Accanto a questi dati negativi il Rapporto Regionale Inail, presentato ieri, mostra un calo delle malattie professionali pari al 16% e, in maniera meno marcata, degli infortuni sul lavoro (-2,4%). Tuttavia, con i suoi 135.549 infortuni di cui il 16% riguarda lavoratori extracomunitari, la regione occupa la parte alta “classifica” nazionale, seconda solo alla Lombardia.
“La diminuzione registrata è comunque significativa” – ha commentato Alessandro Crisci, vicario regionale INAIL - “soprattutto se rapportata all’andamento occupazionale, che in Emilia Romagna ha registrato nel 2005 un aumento del 1,4%”.

Settori. Il calo più consistente degli infortuni si è riscontrato nel settore dell’agricoltura (-2,9%), mentre l’attività economica con il maggior numero di infortuni (e in genere sono i più gravi) è rimasta quella delle costruzioni (13.355 casi denunciati, anche se in calo rispetto al 2004 del 5,1%).
Lavoratori immigrati. A fronte di un aumento del 5% del numero di persone extracomunitarie assicurate, il 2005 ha fatto registrare una diminuzione del 5% degli infortuni anche per questa categoria di lavoratori.

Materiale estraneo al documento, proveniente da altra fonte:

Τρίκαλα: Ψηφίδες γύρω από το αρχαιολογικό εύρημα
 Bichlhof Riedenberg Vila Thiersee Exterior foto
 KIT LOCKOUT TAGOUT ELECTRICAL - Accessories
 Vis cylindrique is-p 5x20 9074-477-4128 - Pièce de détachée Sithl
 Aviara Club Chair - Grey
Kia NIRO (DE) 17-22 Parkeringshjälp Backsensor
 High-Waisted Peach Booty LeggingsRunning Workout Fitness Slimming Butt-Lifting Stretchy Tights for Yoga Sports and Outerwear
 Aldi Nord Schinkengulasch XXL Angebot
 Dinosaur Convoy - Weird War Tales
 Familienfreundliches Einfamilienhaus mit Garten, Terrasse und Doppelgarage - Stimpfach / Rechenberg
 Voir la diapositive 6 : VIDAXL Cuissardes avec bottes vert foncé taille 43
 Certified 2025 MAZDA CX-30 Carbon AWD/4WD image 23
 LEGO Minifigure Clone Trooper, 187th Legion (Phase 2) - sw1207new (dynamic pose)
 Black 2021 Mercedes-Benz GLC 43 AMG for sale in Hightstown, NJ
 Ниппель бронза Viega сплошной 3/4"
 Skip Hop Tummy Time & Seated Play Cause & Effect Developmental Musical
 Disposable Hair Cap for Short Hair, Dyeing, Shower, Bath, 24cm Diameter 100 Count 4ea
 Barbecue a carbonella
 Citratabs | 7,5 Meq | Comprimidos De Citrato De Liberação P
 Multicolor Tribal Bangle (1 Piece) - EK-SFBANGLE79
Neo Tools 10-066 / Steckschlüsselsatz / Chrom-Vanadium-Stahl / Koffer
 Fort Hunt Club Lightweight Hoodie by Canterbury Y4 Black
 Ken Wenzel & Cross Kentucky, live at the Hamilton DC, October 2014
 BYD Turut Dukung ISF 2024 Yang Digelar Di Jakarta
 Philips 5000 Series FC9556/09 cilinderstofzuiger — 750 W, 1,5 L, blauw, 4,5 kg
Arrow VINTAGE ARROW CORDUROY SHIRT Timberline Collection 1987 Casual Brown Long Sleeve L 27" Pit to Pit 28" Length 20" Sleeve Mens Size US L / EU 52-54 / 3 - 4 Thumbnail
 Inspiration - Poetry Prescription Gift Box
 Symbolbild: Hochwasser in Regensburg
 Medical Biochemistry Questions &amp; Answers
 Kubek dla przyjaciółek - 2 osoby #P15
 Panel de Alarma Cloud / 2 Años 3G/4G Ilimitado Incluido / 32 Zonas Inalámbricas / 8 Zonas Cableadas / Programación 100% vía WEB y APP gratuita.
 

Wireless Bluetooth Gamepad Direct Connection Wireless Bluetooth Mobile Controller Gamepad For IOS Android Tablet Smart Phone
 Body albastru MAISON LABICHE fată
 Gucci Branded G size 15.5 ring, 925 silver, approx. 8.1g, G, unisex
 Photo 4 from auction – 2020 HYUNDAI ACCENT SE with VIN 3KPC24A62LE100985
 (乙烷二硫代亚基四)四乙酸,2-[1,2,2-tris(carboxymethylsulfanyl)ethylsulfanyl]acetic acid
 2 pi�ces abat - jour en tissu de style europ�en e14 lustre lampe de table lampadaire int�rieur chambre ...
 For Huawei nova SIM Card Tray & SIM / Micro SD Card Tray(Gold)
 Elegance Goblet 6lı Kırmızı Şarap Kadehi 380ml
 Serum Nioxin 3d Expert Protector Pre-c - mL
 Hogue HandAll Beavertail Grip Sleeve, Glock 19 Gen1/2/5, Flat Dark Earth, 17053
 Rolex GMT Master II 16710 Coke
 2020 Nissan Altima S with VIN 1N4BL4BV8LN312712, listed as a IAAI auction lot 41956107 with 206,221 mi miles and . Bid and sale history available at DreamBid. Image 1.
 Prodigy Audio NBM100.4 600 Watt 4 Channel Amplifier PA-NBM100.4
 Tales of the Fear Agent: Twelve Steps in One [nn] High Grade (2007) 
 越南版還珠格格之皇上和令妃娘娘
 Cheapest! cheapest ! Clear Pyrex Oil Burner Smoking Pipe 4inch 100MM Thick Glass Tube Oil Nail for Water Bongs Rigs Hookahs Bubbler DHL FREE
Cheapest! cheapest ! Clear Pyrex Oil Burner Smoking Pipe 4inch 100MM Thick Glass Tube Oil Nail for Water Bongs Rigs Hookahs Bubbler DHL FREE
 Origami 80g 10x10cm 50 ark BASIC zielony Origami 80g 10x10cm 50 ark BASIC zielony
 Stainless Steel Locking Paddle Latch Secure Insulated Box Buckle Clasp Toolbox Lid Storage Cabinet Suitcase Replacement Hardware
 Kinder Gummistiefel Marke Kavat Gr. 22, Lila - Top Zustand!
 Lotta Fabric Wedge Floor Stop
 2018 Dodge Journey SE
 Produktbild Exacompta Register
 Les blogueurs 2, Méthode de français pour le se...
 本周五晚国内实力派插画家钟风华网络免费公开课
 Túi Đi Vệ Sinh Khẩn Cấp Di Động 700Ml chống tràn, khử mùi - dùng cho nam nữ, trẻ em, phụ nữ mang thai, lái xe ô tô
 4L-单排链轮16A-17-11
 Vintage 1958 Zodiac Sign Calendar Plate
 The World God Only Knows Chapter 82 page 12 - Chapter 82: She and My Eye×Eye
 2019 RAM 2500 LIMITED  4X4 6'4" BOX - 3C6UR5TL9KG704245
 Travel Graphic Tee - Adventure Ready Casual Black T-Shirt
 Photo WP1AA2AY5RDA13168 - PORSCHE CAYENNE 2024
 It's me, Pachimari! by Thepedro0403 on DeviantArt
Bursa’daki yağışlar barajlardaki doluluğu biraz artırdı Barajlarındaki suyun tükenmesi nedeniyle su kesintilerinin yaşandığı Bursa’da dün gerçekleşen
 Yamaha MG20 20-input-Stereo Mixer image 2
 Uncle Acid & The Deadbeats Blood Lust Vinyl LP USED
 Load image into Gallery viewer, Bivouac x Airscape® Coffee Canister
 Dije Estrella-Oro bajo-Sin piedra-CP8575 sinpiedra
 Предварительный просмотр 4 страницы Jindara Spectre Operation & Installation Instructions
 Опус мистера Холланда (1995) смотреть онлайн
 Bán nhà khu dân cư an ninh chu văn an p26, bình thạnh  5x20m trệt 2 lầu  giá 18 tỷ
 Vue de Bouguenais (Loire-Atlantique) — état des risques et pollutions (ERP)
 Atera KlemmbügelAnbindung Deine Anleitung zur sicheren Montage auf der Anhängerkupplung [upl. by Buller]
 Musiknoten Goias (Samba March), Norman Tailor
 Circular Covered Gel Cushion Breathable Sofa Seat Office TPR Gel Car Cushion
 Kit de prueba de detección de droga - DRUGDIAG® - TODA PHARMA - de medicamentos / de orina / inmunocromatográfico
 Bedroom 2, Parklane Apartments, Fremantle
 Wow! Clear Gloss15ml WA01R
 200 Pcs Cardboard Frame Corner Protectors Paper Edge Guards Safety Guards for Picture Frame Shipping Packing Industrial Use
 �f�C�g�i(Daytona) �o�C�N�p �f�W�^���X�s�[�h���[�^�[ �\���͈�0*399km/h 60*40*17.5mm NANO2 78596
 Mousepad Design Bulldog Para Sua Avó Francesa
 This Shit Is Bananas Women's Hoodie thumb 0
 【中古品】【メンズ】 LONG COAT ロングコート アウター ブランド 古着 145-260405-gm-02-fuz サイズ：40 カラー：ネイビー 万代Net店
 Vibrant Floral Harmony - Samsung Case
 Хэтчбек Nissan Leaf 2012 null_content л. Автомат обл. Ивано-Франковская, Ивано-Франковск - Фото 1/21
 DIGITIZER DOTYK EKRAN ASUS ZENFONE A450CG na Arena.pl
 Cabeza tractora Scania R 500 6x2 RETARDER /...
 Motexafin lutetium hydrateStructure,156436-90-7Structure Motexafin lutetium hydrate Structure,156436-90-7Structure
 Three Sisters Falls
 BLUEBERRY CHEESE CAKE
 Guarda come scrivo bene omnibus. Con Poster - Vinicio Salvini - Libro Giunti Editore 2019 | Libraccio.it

Malattie professionali. Da 3.804 del 2004 sono passate a 3.201 nel 2005. Il dato più evidente è che continua a diminuire l’incidenza delle malattie tabellate (e quindi subito indennizzabili) rispetto a quella delle malattie non tabellate, ossia quelle per cui spetta al lavoratore provare che la patologia deriva dall’attività lavorativa svolta, che nei settori nell’industria e dei servizi rappresentano il 90% del totale. Spiccano fra queste le tendiniti (30%) e la sindrome del tunnel carpale (11%), mentre tra le malattie tabellate la “parte del leone” la fanno la sordità (23%) e le neoplasie da asbesto (22%), cioè i tumori causati dall’esposizione all’amianto.